Validation from my characters

There was a time when I wrote without understanding why I wrote. I would write my ideas down, and on those occasions when I penned something particularly insightful or important, I would imagine myself sharing my discovery with the world. A moment of fantasy in which I imagined all the reactions; shock and horror, insight and revelation, praise and admiration. Imaginary people and their imaginary reactions played an important part in the process for me. I engaged in different genres of writing at different times in my life, but always there was the persistent idea that I wrote in service of people. Their entertainment, their knowledge and growth, their education.
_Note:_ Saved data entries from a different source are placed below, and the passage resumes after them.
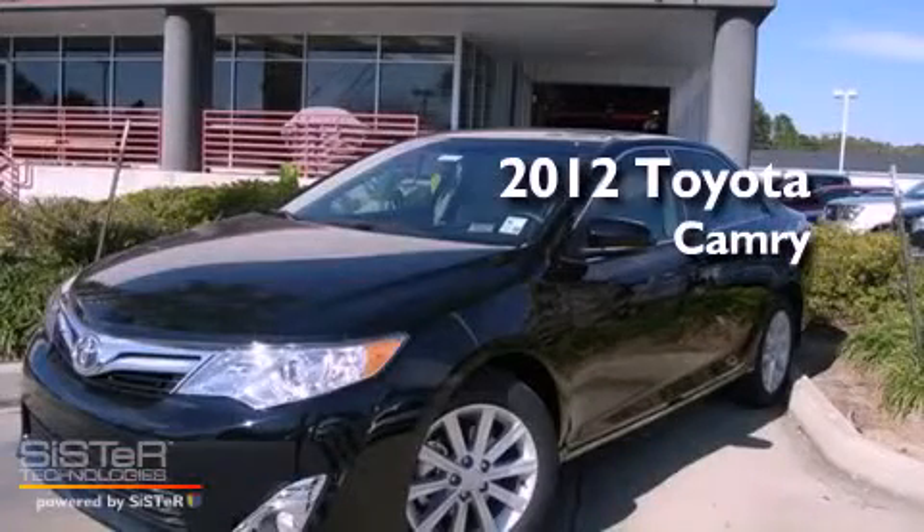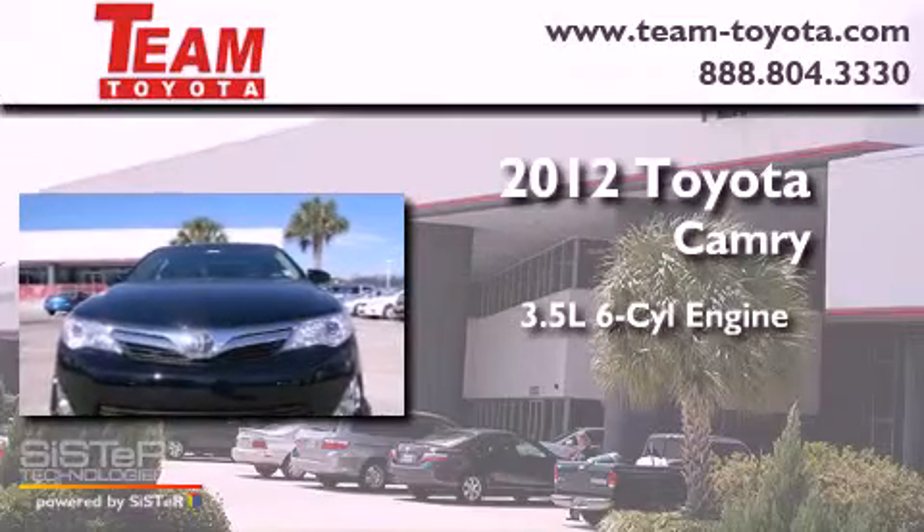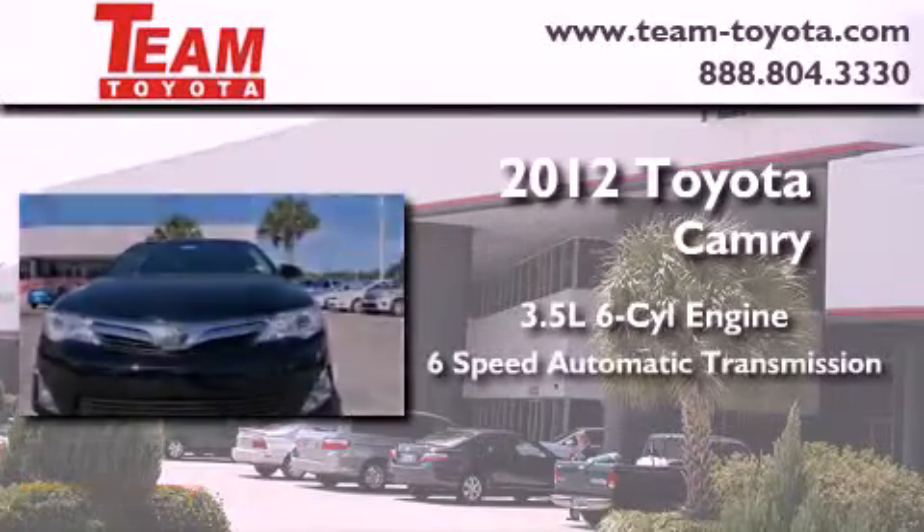This is a brand new 2012 Toyota Camry. It has a 3.5 liter 6-cylinder engine and a 6-speed automatic transmission.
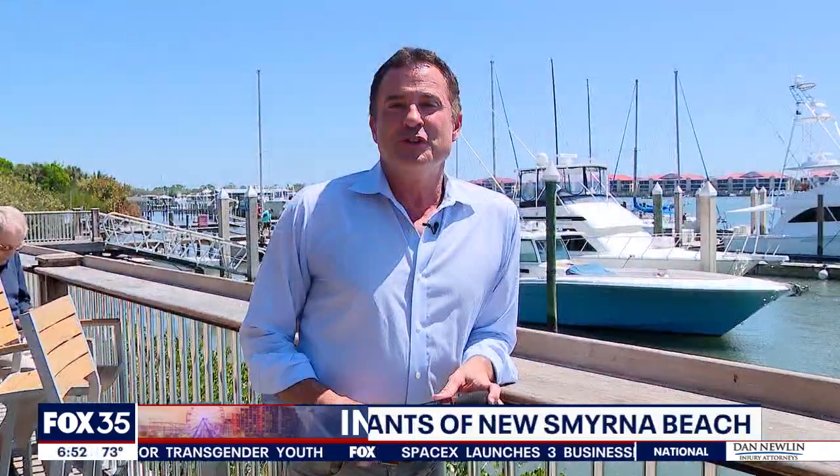Next stop: Coronado Island here in New Smyrna Beach. You've got beautiful boats, lots of fresh seafood coming in, and we have Outriggers. Jim Rushing joins us now. Hey Jim, good to see you. Hey John, good to see you. All right, so if you haven't been to this place, tell us about this restaurant — what makes it so iconic?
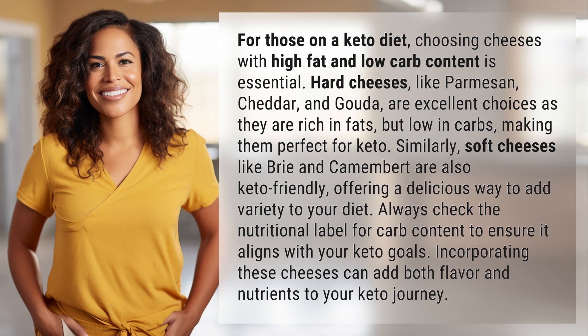Similarly, soft cheeses like brie and camembert are also keto-friendly, offering a delicious way to add variety to your diet. Always check the nutritional label for carb content to ensure it aligns with your keto goals. Incorporating these cheeses can add both flavor and nutrients to your keto journey.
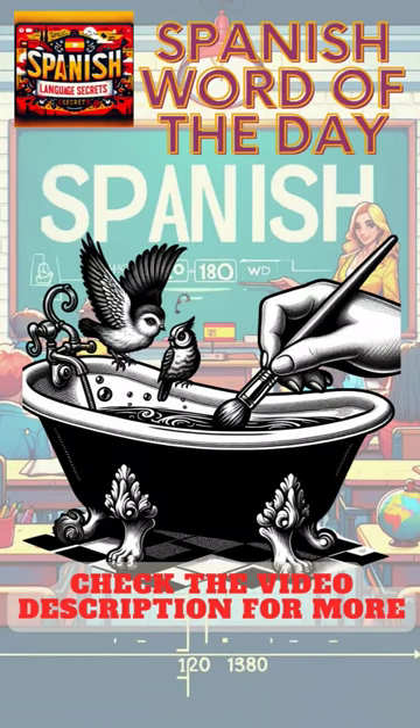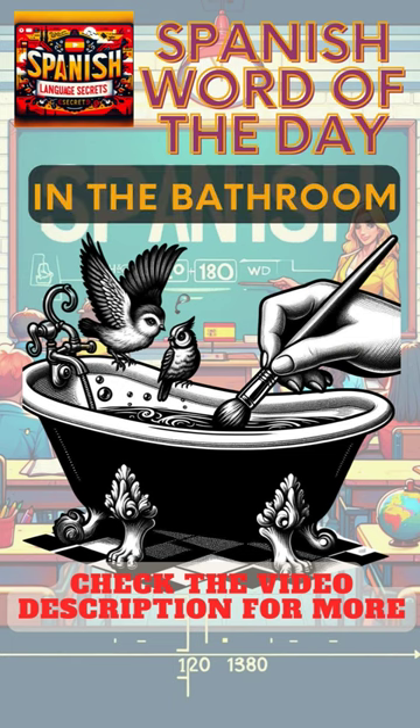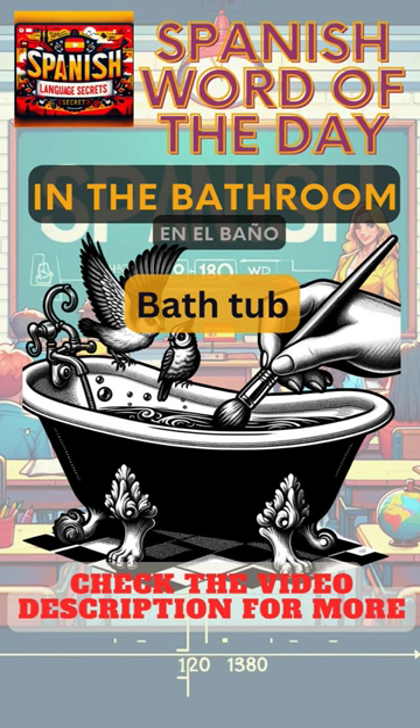Hello and welcome to Spanish Word of the Day from your Spanish Language Secrets. In the bathroom today, we're talking about the bathtub. We call a bathtub a bañera in Spanish — a bañera. Notice the tilde over the N, which makes the N-Y sound.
Not understanding the motivation behind my writing left a big void that was filled by fantasy. I imagined that the reactions of loved ones, friends, and strangers alike would give me what I was searching for because I never allowed myself to remember what I was truly searching for: peace, escape, Home. My writing has nothing to do with people, and their imaginary reactions that once provided tiny morsels of satisfaction are unimportant.

Now I know what I search for, and I know that path has nothing to do with the imaginary self-shaped creatures I encounter in my awakenings called “people”. In truth, people are in the opposite direction of where I am truly going, so if I find myself searching for something from people when I write, that is a sign that I am oriented in the wrong direction. I search only for a way out, and by their very definition, people are a sign that I am moving in.

Now as I write I do not believe that I am writing for people. When I occasionally ideate something insightful or impactful, I briefly entertain an imaginary situation in which an intelligent, educated, thinking person reads it and somehow reacts. But I quickly dispose of that because I know that is only imaginary: I do not take any satisfaction from it in the same way an author would not glean satisfaction from his fictional characters reading his writing in which they are featured. What I truly seek I cannot get from the characters I write into existence every time I awaken, and when I realize and believe that, I understand why any satisfaction I did once receive was hollow and unfulfilling: I was proffering my story to the characters I had written in that very story for validation.